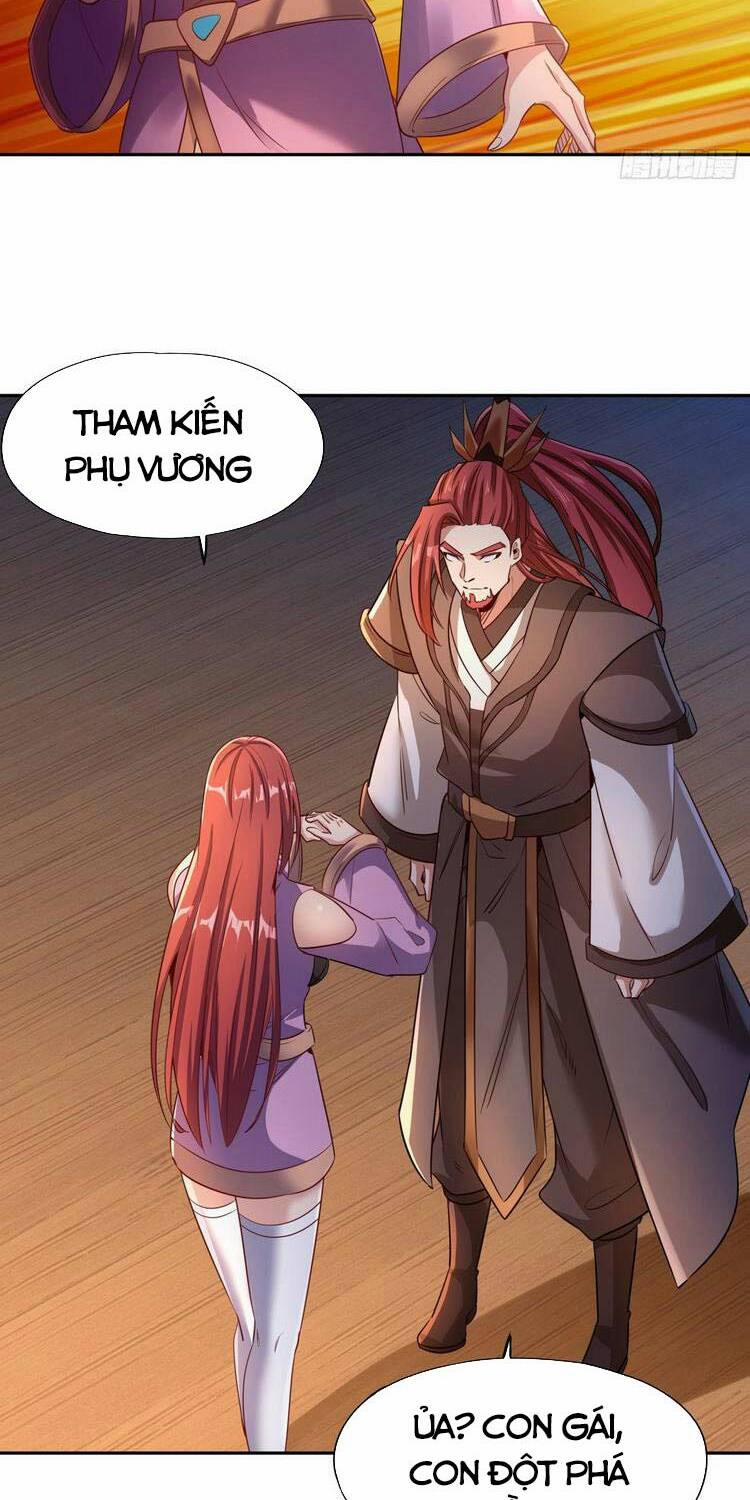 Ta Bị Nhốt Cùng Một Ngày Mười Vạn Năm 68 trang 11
--
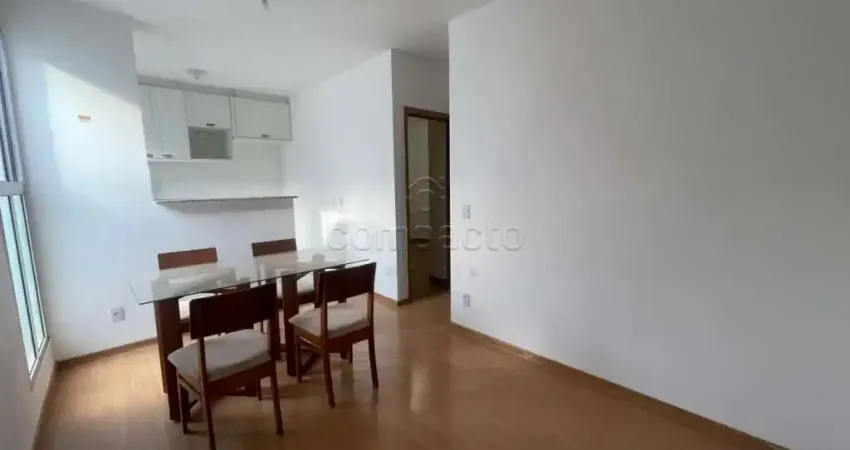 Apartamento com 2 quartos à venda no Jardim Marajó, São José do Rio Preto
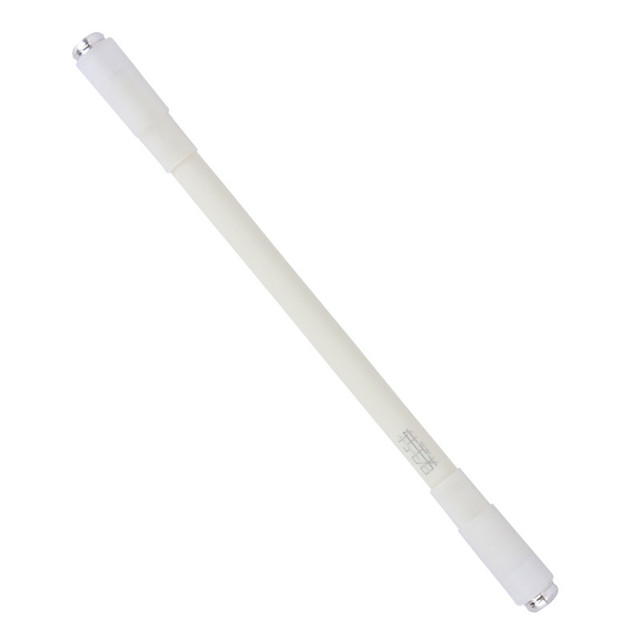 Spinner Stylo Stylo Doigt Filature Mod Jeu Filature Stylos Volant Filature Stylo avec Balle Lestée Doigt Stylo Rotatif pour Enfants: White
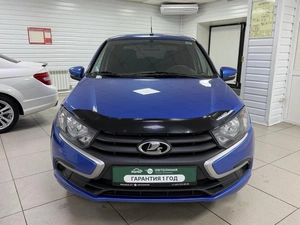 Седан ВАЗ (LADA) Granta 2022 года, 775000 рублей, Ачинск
* * *
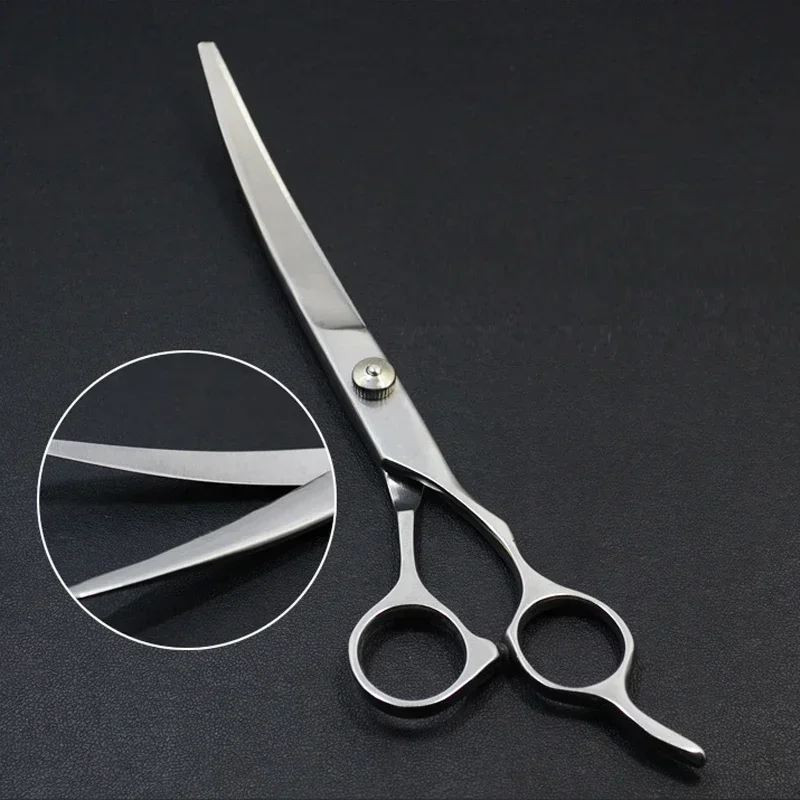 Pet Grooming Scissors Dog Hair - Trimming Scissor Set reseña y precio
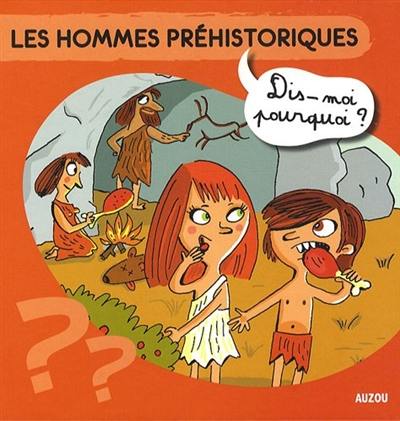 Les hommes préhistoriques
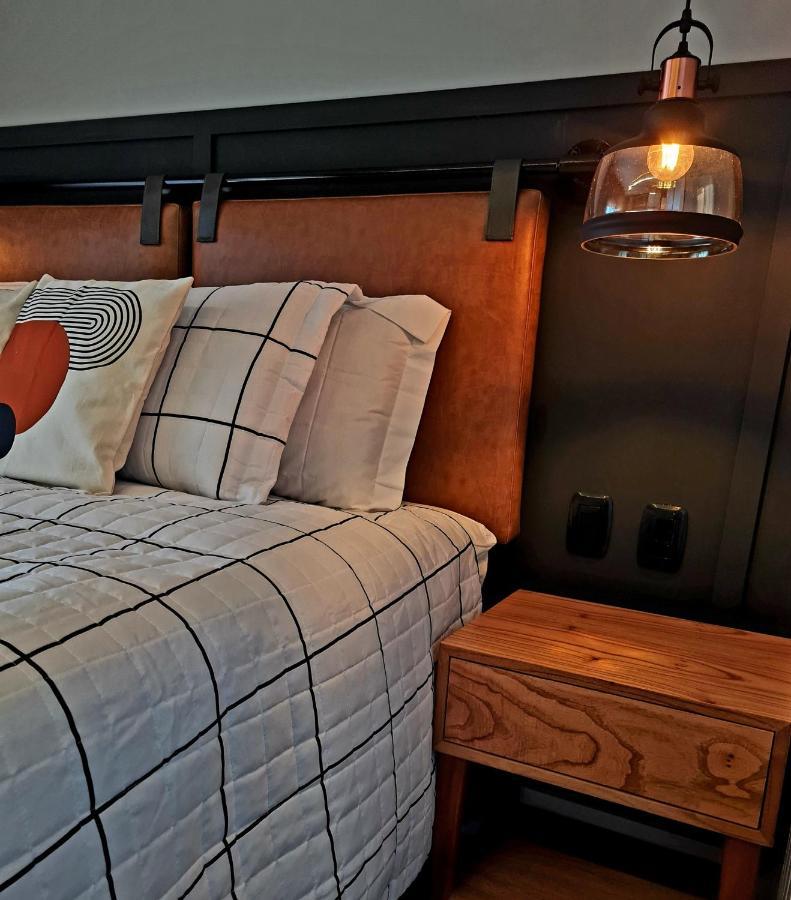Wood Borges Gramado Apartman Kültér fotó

#### ACTIVITY
Look above for the line containing "Les hommes préhistoriques", then write out every line from there down to the line containing "Wood Borges Gramado Apartman Kültér fotó", that line included, with no pictures.

#### RESPONSE TO THIS EXERCISE
 Les hommes préhistoriques
Wood Borges Gramado Apartman Kültér fotó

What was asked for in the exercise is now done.